» **Dataset content**

===

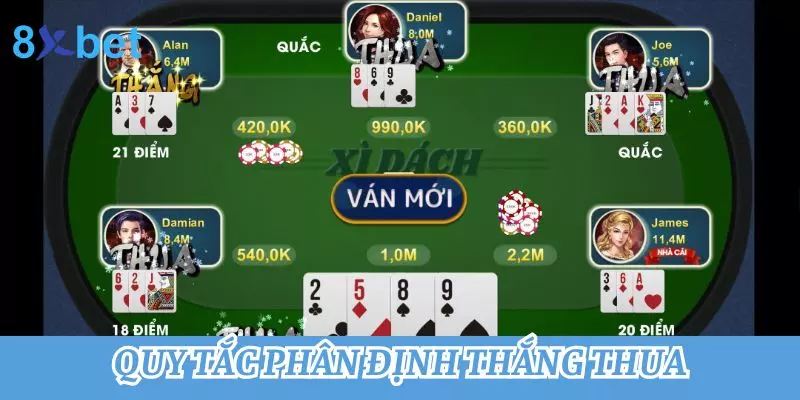 Kết quả ván xì dách online với người chơi 21 điểm thắng, các người khác quắc hoặc thua nhà cái 20 điểm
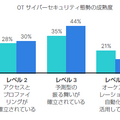 OTサイバーセキュリティ態勢の成熟度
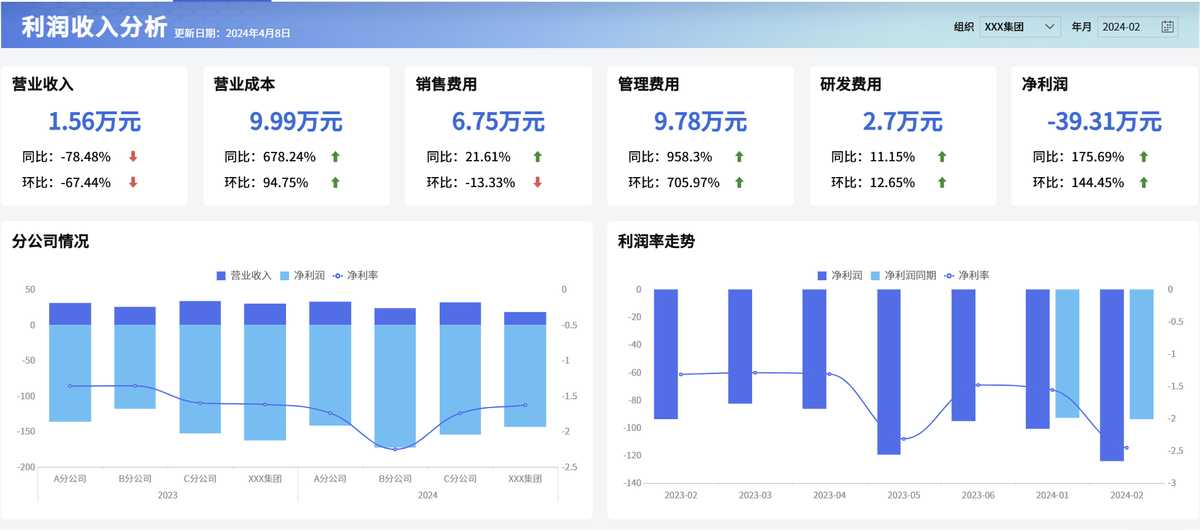 年度报表数据分析方法大全：从对比、分类、预测出发的12个分析方法插图1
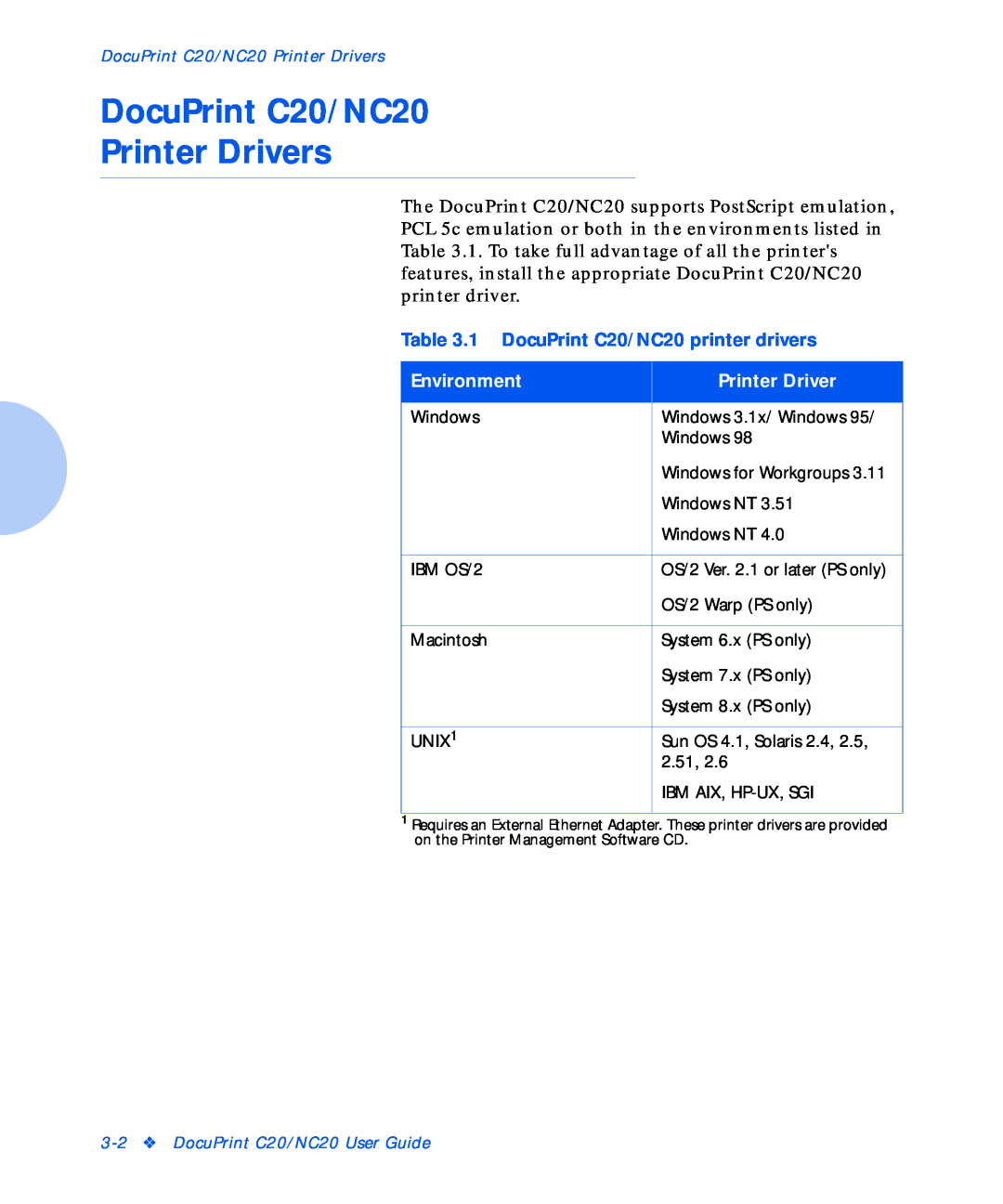 Xerox manual DocuPrint C20/NC20 Printer Drivers, 1 DocuPrint C20/NC20 printer drivers, Environment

===

» **Action item**
The reply should repeat the listing above exactly and contain no pictures.

» **Result of the task**
 Kết quả ván xì dách online với người chơi 21 điểm thắng, các người khác quắc hoặc thua nhà cái 20 điểm
 OTサイバーセキュリティ態勢の成熟度
 年度报表数据分析方法大全：从对比、分类、预测出发的12个分析方法插图1
 Xerox manual DocuPrint C20/NC20 Printer Drivers, 1 DocuPrint C20/NC20 printer drivers, Environment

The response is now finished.